### Information provided
....

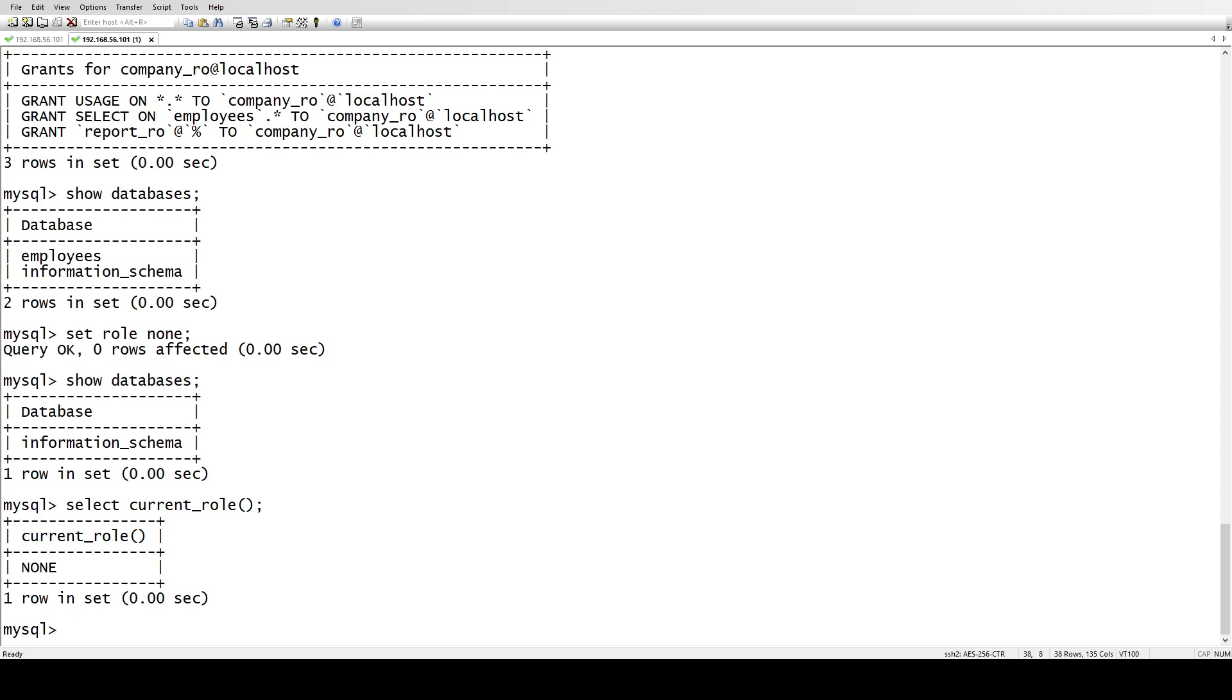So this is how you can create a role, then grant that role to the user, then set a role, then unset the role. And that's it for today guys. Thank you so much for watching the videos. Please like and subscribe to the channel so you don't miss the upcoming videos, and please share it with your circle so we can grow the community. Thank you so much.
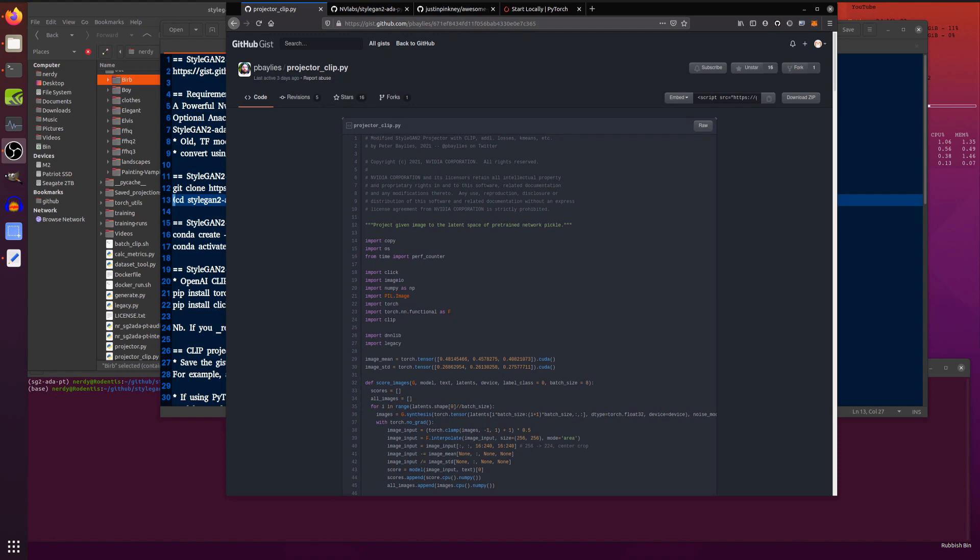Hello and welcome to more Nerdy Rodent Geekery. If you've seen my recent video on Big Sleep and Deep Days and maybe had a play with that, then you would have been using OpenAI's CLIP along with BigGAN and Siren Networks.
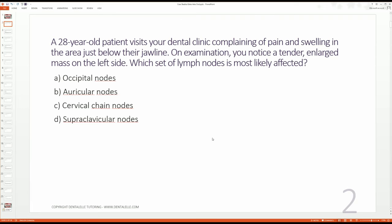So, a 28-year-old patient visits your dental clinic complaining of pain and swelling in the area just below their jawline. On examination, you notice a tender, enlarged mass on the left side. Which set of lymph nodes is most likely affected: the occipital, the auricular, the cervical chain, or the supraclavicular?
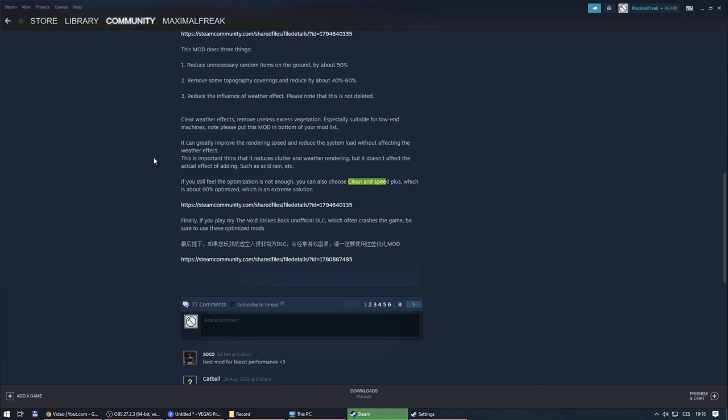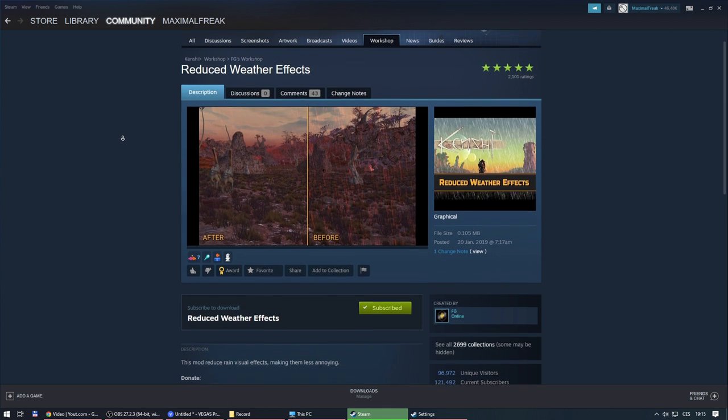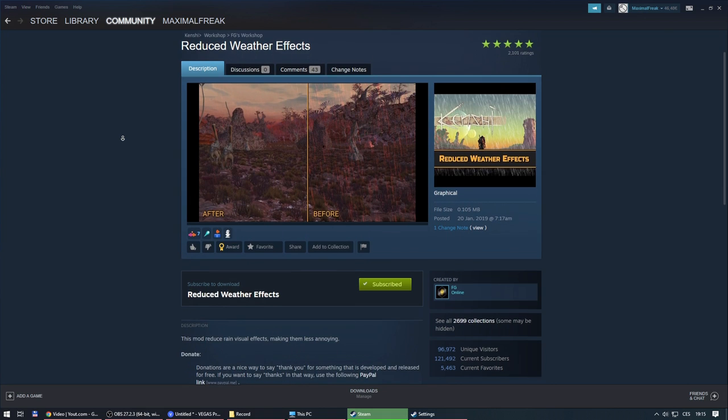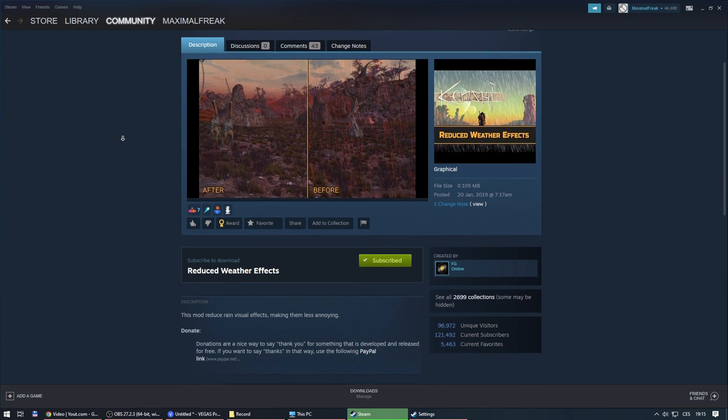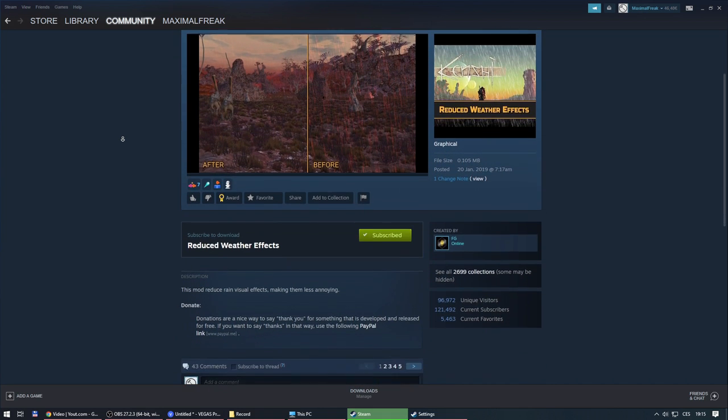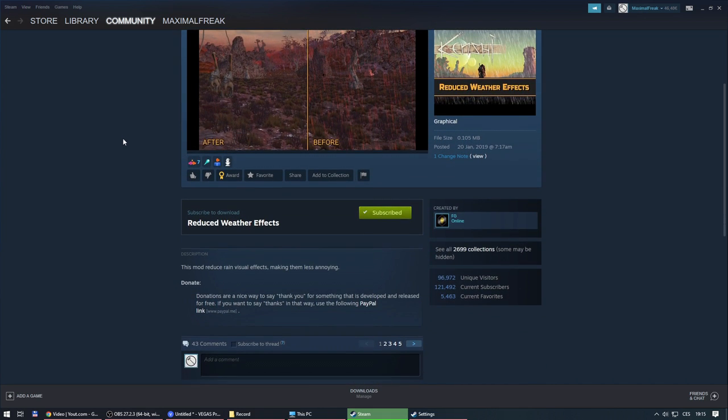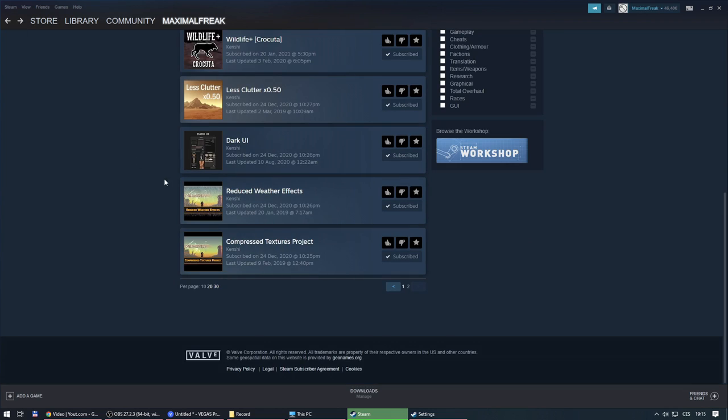This helps the loading times even more, but the game just looks kinda empty. That's why I recommend you regular version of Clean and Speed.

....

### Problem
Line for line, restate the data above and omit every picture.

### Response to the task
So this is how you can create a role, then grant that role to the user, then set a role, then unset the role. And that's it for today guys. Thank you so much for watching the videos. Please like and subscribe to the channel so you don't miss the upcoming videos, and please share it with your circle so we can grow the community. Thank you so much.
Hello and welcome to more Nerdy Rodent Geekery. If you've seen my recent video on Big Sleep and Deep Days and maybe had a play with that, then you would have been using OpenAI's CLIP along with BigGAN and Siren Networks.
So, a 28-year-old patient visits your dental clinic complaining of pain and swelling in the area just below their jawline. On examination, you notice a tender, enlarged mass on the left side. Which set of lymph nodes is most likely affected: the occipital, the auricular, the cervical chain, or the supraclavicular?
This helps the loading times even more, but the game just looks kinda empty. That's why I recommend you regular version of Clean and Speed.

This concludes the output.